I live in the famous red city. Its buildings are made of beaten clay, with arches, domes, minarets and mosques with both Spanish and French influences.
One of the main features of our homes is a fountain right in the middle of the house, it is mostly covered in tiles in a mosaic.
I used to often wonder looking at it, that stood empty and dry. Water was scarce and the rainwater was often collected there and was treasured as ‘heavenly bliss’ with added medicinal value.
Once my granny told me something while we stood by its side, ‘when it rains, the empty, hollow, dark and ugly pits get filled up while the top of stiff cliffs remains dry.’
She then looked at me with a serious look and continued, ‘take the pride and ego out of you, use this emptiness as a treasure box’.
‘How do I find the treasure’? I asked an innocent question.
‘Find the treasure map’, she chuckled.
This memory of my childhood was strange. One that gave me a mysterious feeling, a feeling of the unfulfilled void itself if I may call it.
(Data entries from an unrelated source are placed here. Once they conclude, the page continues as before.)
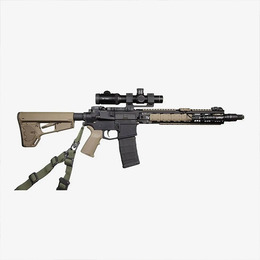 Швидкознімний ремінь для зброї Magpul MS3 Single QD  Ranger green. Фото 4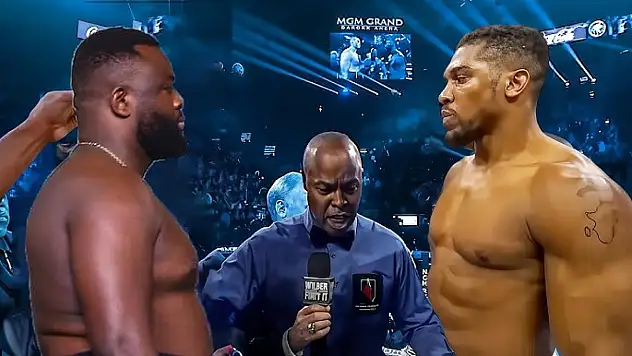 Joshua'nın rakibi kim olacak? Bakole'nin antrenörü ipuçlarını verdi!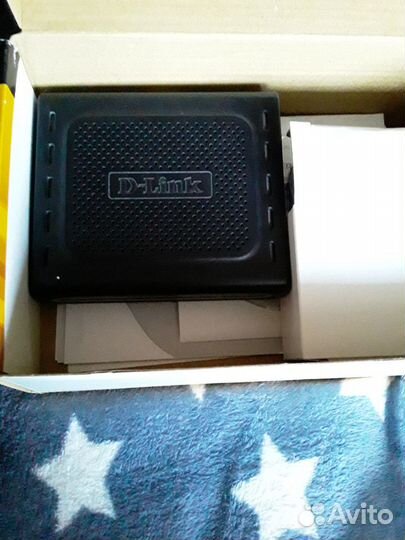 Модем D-Link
I used to sit with my mother who put hina tattoos on hands, while I drew for children. Pictures of garden, trees, stars, forests and fountains. Kids often liked them and payed a few dirhams to my mother.
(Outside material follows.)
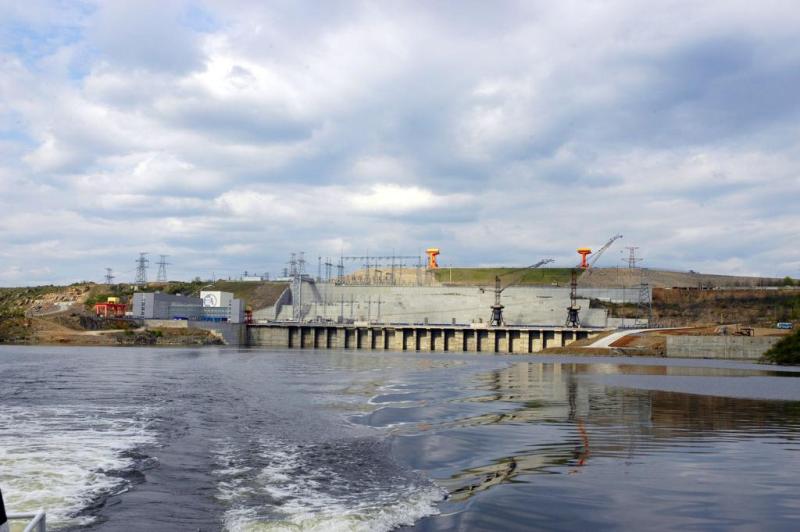 ЮУАЭС выделила почти 12 миллионов на проектно-изыскательские работы, необходимые для завершения строительства Ташлыкской ГАЭС 1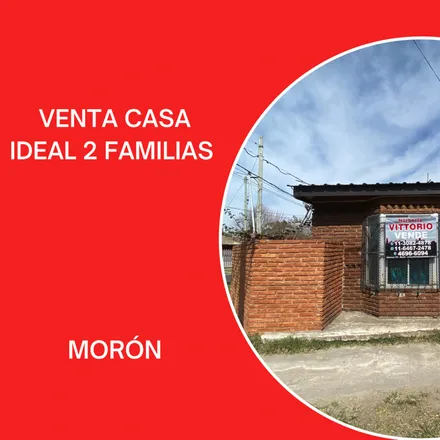 Buy this 5 bed house on Pola 993 in Partido de Morón, 1708 Morón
It was a thriving market place. The ambience of food, the smoke from restaurants created a magic aroma. After sunset, the square lit up in lights, with musicians playing tunes, snake charmers playing the flutes, acrobats performing with slapstick comedians.
All around me there was a sea of people sipping mint tea and eating figs while haggling for hand-woven carpets.
There stood a man playing with a fire fall right in front of where I normally drew pictures. Every night I saw him baton twirling, fire breathing and performing art by manipulating fire as a mean of a visual object.
Every time I witnessed this I felt that heat, that desire that burning passion deep inside me, to be an artist, to draw to play with colours. Perhaps, I wanted to be a showman with my paintings, by giving my pictures the magic to fly, shine, sink in hearts and amuse.
There used to be a strange man watching that show every now and then. He used to wear a long robe with tattered cloths all sewn in pattern as if to signify that all differences are mere connections as one complete unit. He had charms around his neck as a humble glory and a wooden bowl as a symbol of lost vanity. He intrigued me in a mysterious way as a person who was brave, who did not pay attention to the judgement of others and one with an ability to speak fair and square just like the solid, confident pit in my yard.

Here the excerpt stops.